** SUPPLIED RECORDS follows **
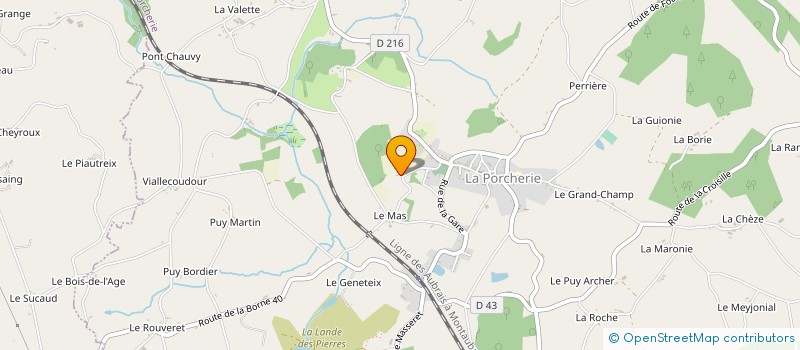 localisation de l'entreprise SDFP à LA PORCHERIE
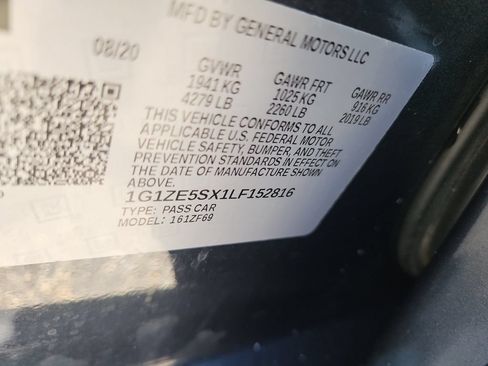 Used 2020 Chevrolet Malibu Premier FWD image 14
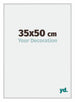 Miami Aluminium Bilderrahmen 35x50cm Silber Matt Vorne Messe | Yourdecoration.at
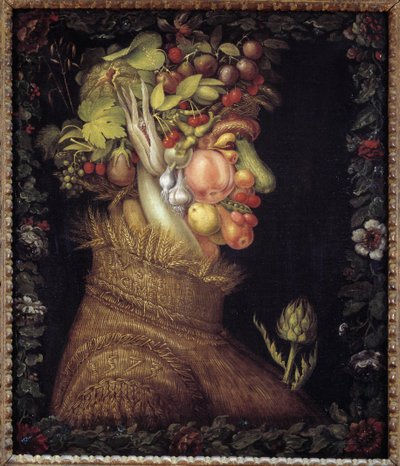 O Verão. Alegoria sobre as Estações. Pintura de Giuseppe Arcimboldo (1527-1593). Musee du Louvre de Giuseppe Arcimboldo
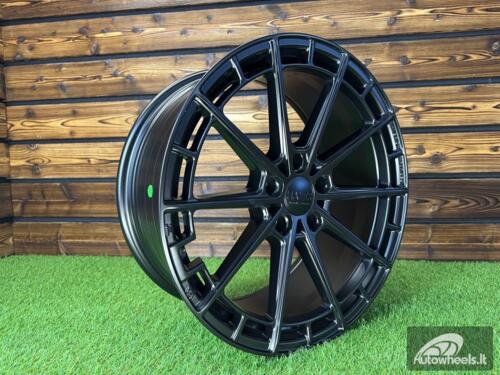 Ratlankis R18x8  5X112  ET  42  66.5  HX019F  (F9793)  Black Half Matt (BLHM)  For HAXER  (P2+M)  (HYBRID FORGED New Design)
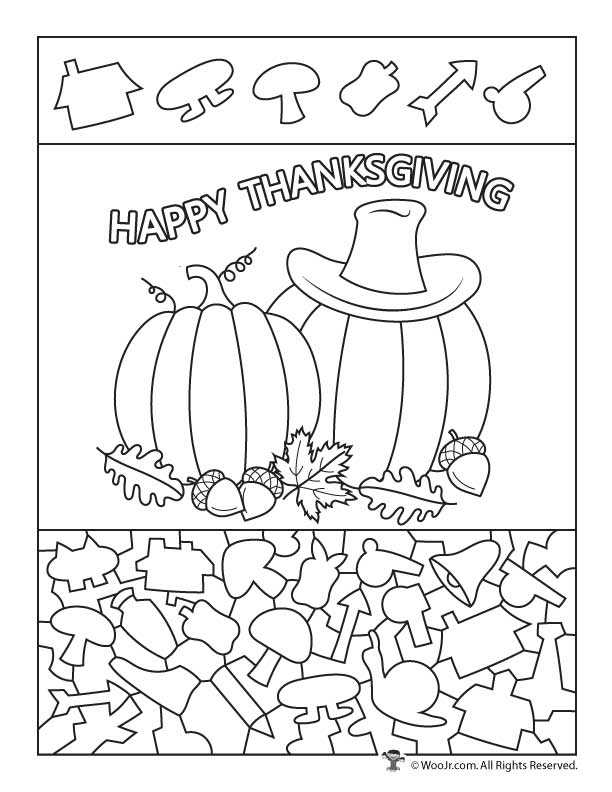 Thanksgiving Hidden Picture Activity Printables Woo Jr Kids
** End of SUPPLIED RECORDS **
• [WHAT YOU ARE ASKED TO DO]: Leave the pictures out, then output exactly the lines from the "Used 2020 Chevrolet" line through the end of the records above, and no others.

• [THE ANSWER]:
 Used 2020 Chevrolet Malibu Premier FWD image 14
 Miami Aluminium Bilderrahmen 35x50cm Silber Matt Vorne Messe | Yourdecoration.at
 O Verão. Alegoria sobre as Estações. Pintura de Giuseppe Arcimboldo (1527-1593). Musee du Louvre de Giuseppe Arcimboldo
 Ratlankis R18x8  5X112  ET  42  66.5  HX019F  (F9793)  Black Half Matt (BLHM)  For HAXER  (P2+M)  (HYBRID FORGED New Design)
 Thanksgiving Hidden Picture Activity Printables Woo Jr Kids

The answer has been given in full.